By Melody Bailiff | @kykernel
Frank X Walker, a professor and alumni of UK, who coined the term “Affrilachia”, has been named Kentucky’s 2013-14 poet laureate.
Walker, director of the African-American and Africana Studies program at UK and associate professor in the Department of English, is the state’s first African-American poet laureate as well as the youngest at age 51. The poet laureate is selected by the state to compose poems for special events and occasions.
“I’m honored to be both the youngest and the first African American poet laureate. I’ve gotten a lot of congratulatory comments from people who really like what it says about Kentucky’s progress and how it challenges some of the caricatures about our state,” Walker said.
Walker coined the term Affrilachia when he noticed Webster’s dictionary defined an Appalachian as “a white resident from the mountains.”
Through his literature, Walker teaches that, contrary to popular belief, African-Americans contribute in many ways to Appalachian culture.
He says that when the significance of oral traditions, music, food, family and front porches in both the white and African-American Appalachian cultures are considered, there is not much separating the two.
Affrilachia is therefore “a way of thinking about the region with people of color in a way that challenges the definition that says you have to be white to be Appalachian,” Walker said.
Walker said he is always looking for ways to promote the celebration of Kentucky writers who historically have produced some amazing talent, such as William Wells Brown. Brown, who is a Lexington native, authored Clotel, the first novel written by an African-American.
“The reality is that a true definition of the region makes room for Pittsburgh and Birmingham and Harlan, Ky. and all the African-American history and culture in between.

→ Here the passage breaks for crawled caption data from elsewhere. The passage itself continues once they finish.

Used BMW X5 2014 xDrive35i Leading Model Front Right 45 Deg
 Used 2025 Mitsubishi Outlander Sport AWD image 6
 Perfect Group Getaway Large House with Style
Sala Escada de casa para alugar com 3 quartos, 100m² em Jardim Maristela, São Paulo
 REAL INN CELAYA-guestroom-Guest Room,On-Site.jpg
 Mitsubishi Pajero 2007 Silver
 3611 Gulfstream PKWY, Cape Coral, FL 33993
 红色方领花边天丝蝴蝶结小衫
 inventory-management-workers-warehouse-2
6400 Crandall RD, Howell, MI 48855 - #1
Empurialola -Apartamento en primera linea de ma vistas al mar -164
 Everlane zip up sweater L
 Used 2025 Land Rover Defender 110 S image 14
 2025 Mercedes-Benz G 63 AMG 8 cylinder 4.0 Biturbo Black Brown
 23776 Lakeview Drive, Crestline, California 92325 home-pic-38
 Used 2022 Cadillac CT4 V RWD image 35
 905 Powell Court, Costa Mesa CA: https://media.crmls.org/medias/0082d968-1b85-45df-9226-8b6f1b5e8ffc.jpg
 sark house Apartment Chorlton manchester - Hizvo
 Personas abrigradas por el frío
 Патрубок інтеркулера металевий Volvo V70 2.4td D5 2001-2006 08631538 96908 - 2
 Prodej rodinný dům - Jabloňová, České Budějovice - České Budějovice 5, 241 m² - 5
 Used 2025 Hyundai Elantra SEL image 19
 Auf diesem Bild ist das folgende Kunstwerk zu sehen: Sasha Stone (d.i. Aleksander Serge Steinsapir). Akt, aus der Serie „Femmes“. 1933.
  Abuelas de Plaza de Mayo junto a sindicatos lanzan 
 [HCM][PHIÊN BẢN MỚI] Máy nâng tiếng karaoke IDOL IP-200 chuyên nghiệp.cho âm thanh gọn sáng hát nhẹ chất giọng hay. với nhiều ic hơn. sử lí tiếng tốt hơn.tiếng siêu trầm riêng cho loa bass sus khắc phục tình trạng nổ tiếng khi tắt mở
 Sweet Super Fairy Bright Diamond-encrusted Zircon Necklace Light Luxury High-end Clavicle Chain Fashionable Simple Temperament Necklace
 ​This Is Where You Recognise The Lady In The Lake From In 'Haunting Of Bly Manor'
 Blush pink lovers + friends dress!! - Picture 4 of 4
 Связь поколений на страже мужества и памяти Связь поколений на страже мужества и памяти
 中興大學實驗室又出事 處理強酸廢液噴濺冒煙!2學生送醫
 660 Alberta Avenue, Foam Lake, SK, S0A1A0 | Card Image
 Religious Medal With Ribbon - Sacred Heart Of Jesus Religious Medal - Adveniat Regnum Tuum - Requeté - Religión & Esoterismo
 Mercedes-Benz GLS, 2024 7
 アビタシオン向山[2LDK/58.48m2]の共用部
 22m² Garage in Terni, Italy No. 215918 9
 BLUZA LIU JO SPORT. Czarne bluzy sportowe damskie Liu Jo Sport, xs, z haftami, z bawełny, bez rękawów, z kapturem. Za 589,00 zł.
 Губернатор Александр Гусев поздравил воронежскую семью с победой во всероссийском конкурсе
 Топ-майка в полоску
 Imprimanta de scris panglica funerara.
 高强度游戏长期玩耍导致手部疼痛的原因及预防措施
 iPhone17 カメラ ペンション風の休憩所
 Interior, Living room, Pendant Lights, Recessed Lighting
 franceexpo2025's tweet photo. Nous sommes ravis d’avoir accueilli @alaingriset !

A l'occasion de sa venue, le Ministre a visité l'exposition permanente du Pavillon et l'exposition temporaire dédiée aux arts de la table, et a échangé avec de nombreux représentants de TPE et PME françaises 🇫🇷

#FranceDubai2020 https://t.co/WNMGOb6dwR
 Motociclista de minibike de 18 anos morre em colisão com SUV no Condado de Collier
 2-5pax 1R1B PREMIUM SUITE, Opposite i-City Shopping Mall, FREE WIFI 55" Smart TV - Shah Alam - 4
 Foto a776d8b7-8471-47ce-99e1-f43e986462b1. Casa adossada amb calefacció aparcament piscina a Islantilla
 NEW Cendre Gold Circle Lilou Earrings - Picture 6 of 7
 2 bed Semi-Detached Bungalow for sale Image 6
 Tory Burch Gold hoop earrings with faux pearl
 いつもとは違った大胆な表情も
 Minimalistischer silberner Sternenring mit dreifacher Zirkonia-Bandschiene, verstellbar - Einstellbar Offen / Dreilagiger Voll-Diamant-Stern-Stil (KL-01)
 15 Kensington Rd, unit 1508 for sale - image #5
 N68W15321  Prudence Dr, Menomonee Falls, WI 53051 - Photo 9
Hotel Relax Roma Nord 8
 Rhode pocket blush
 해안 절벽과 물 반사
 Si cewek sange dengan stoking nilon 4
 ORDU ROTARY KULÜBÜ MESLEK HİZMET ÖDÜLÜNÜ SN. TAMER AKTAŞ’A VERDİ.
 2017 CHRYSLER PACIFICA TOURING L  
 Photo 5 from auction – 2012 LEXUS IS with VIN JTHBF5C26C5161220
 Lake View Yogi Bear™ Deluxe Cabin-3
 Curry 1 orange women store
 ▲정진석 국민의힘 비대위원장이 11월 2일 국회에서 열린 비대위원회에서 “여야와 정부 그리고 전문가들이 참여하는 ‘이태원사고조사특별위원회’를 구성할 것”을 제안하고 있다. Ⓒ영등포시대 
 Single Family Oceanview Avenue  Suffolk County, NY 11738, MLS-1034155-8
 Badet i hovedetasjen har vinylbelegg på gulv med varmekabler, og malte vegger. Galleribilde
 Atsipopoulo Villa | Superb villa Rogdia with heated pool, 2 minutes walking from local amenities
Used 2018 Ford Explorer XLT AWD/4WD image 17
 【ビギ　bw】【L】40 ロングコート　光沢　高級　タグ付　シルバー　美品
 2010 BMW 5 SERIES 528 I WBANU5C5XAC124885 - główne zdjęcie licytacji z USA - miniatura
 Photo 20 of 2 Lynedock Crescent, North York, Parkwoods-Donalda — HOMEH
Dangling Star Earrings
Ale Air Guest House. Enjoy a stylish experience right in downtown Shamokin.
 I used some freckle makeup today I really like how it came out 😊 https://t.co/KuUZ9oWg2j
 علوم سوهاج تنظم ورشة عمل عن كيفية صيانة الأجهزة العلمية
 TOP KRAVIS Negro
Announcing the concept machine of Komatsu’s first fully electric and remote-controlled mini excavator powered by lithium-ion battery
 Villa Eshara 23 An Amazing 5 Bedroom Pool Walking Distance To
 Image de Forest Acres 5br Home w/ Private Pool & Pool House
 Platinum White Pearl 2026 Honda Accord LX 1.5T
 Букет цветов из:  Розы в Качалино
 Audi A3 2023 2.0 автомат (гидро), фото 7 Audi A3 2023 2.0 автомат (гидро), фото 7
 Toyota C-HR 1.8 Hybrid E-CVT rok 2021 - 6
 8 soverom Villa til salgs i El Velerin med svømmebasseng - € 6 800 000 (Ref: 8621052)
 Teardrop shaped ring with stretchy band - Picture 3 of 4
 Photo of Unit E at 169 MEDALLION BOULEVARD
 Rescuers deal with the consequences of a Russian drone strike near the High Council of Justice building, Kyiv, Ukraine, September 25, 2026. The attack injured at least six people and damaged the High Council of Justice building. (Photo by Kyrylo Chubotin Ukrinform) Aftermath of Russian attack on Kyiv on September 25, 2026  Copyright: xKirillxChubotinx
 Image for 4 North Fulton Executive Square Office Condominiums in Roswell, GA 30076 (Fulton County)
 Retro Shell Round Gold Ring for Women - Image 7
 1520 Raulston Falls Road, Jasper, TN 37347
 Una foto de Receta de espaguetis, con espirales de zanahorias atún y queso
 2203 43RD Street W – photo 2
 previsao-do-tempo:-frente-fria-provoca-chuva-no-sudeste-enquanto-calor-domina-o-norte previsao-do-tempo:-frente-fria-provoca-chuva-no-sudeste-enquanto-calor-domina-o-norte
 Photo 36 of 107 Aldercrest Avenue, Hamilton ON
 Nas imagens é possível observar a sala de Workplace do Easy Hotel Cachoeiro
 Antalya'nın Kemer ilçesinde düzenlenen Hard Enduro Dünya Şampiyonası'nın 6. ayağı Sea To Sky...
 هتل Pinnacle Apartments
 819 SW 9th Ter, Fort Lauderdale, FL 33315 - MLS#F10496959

Bill Withers, Nina Simone, August Wilson and Nikki Giovanni and other important names should be spoken within the same breath as the litany of others that are always associated with the region,” Walker said.
Walker hopes that through his literature, college students will learn a lot of history they didn’t know, especially Kentucky history.
“It would be great if poetry taught them some of the bluegrass is black,” he said.
Walker will be formally inducted on Kentucky Writer’s Day at the Capitol Rotunda April 24.